_TASK DESCRIPTION_:
Only the lines below from the one that contains "Sweatshirt Cat Vision Puff Brown" through the one that contains "L-C minis Weihnachtsmarkt-Eingangsbogen" should appear in your answer, exact and without pictures.
(DATA FOR THIS EXERCISE begins)
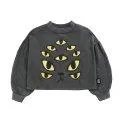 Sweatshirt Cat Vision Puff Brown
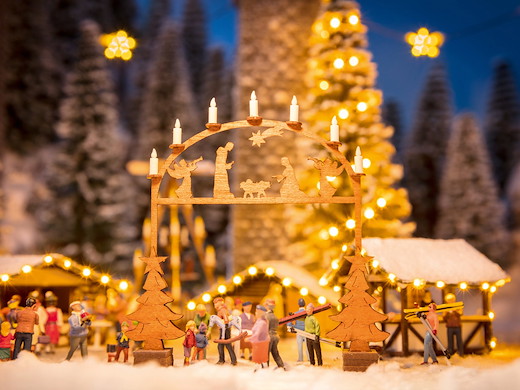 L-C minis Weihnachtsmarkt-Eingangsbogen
(DATA FOR THIS EXERCISE ends)
(DATA FOR THIS EXERCISE begins)
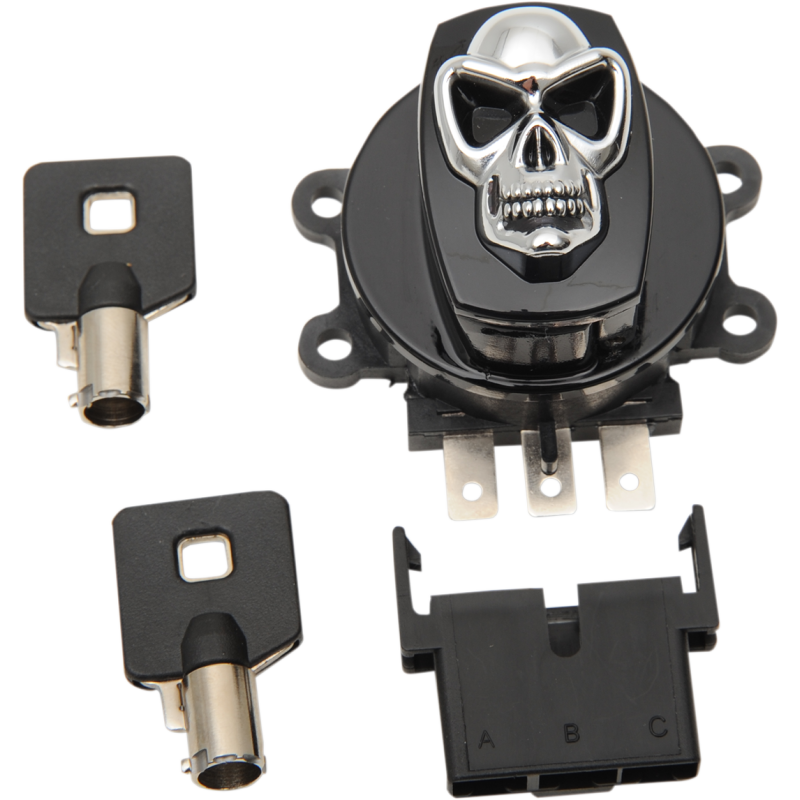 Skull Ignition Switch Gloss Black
(DATA FOR THIS EXERCISE ends)
_TASK OUTPUT_:
 Sweatshirt Cat Vision Puff Brown
 L-C minis Weihnachtsmarkt-Eingangsbogen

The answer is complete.